Work item: Pictures appear among the records below and must be omitted. Repeat exactly the lines from the line with "215x250 mm Papir" to the line with "Bat Shape Silicone", both included.

Stored data:

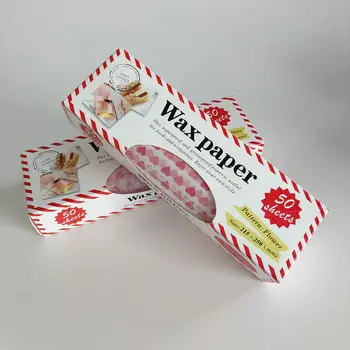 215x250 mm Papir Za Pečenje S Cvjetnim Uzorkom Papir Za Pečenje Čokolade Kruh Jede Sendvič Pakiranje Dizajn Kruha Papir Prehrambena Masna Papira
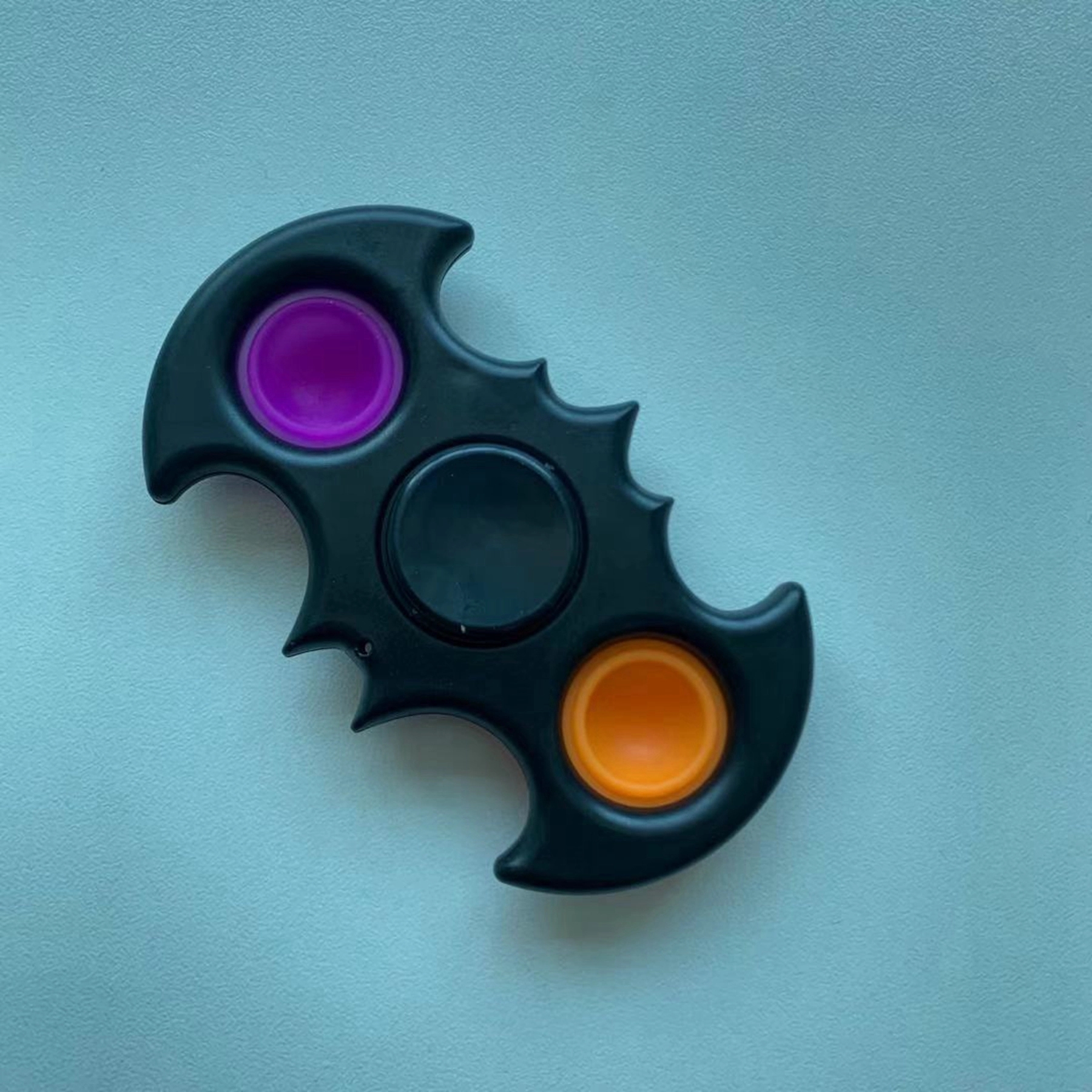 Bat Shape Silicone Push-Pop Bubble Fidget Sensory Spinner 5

---

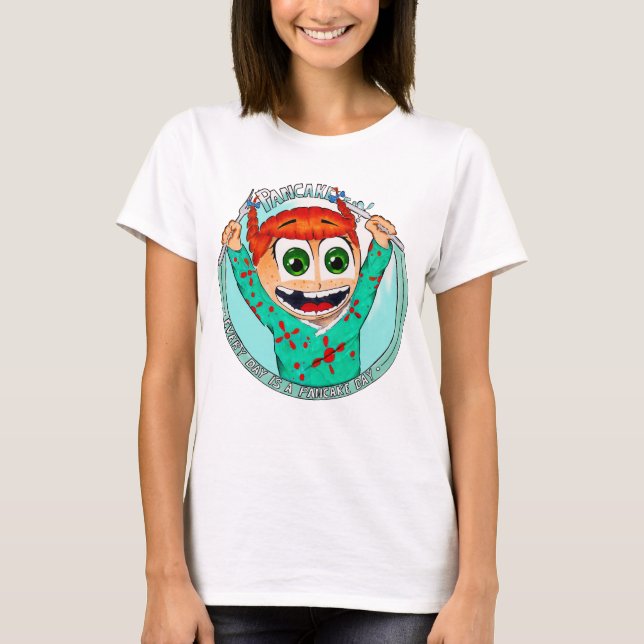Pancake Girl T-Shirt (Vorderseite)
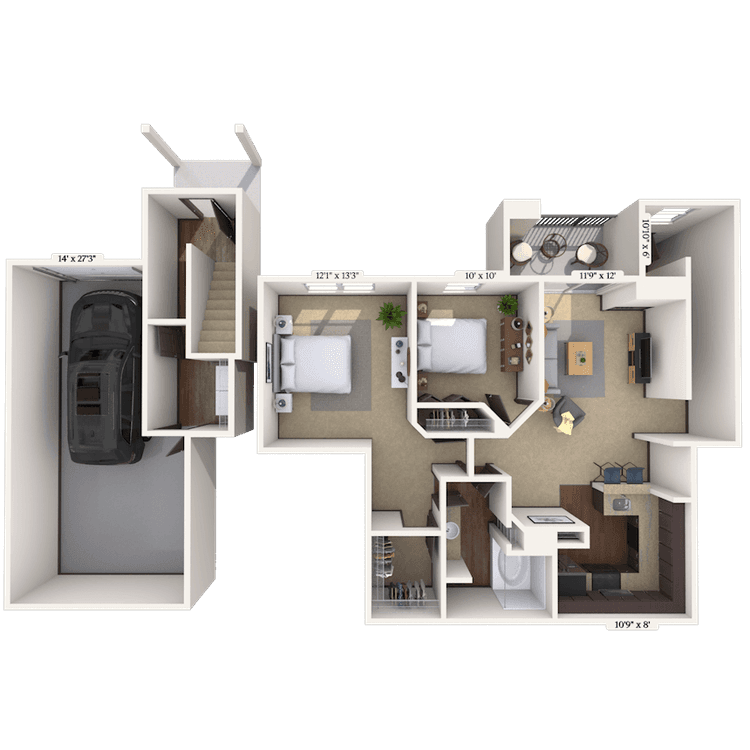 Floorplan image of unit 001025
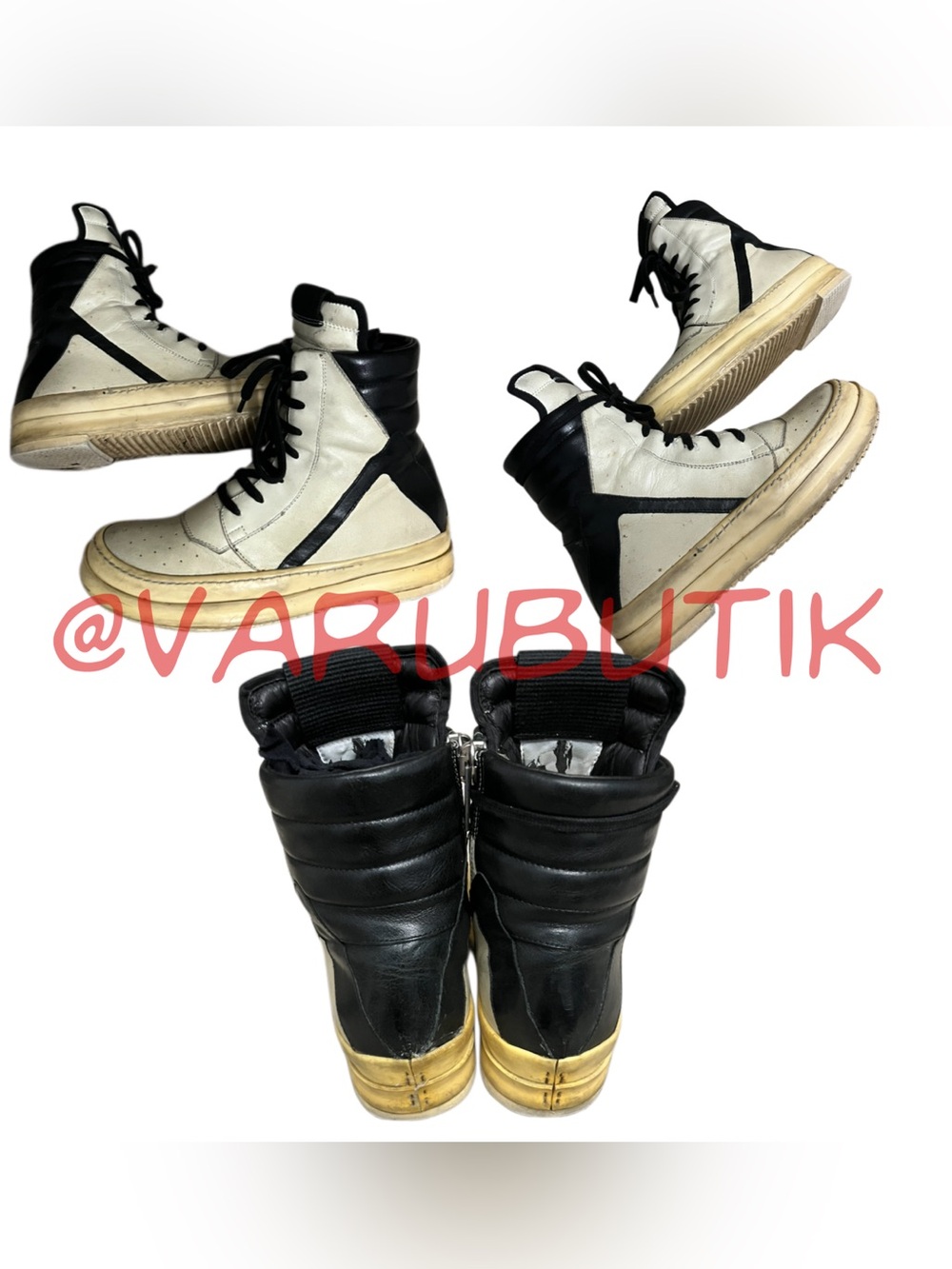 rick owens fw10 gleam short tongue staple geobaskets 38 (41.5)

---

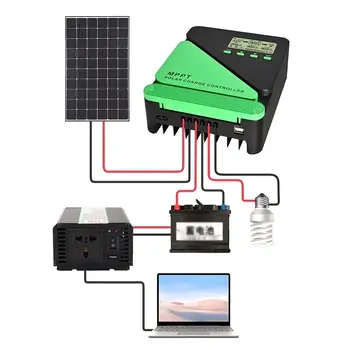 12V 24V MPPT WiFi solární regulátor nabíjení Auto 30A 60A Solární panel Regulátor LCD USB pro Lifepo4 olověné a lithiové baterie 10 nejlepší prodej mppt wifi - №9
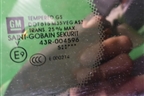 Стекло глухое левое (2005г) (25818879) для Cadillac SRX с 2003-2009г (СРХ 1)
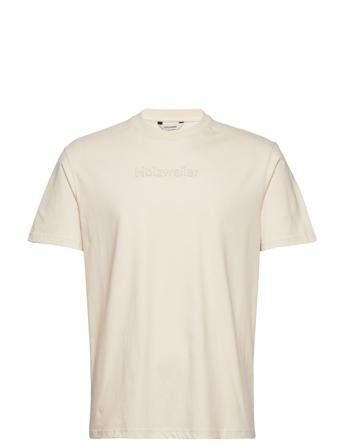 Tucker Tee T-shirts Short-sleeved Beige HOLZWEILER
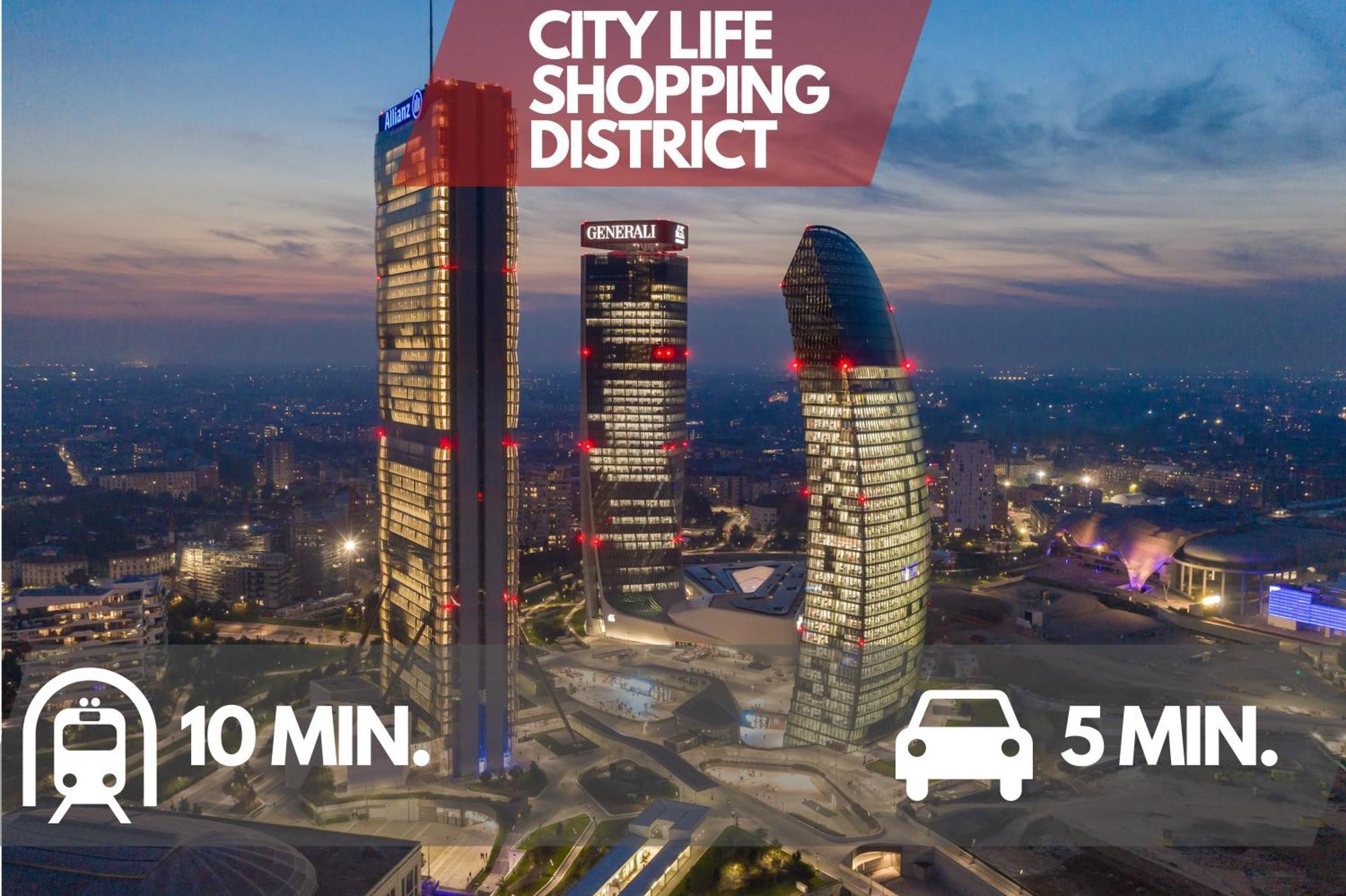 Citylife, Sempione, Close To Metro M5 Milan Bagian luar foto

Task response:
 215x250 mm Papir Za Pečenje S Cvjetnim Uzorkom Papir Za Pečenje Čokolade Kruh Jede Sendvič Pakiranje Dizajn Kruha Papir Prehrambena Masna Papira
 Bat Shape Silicone Push-Pop Bubble Fidget Sensory Spinner 5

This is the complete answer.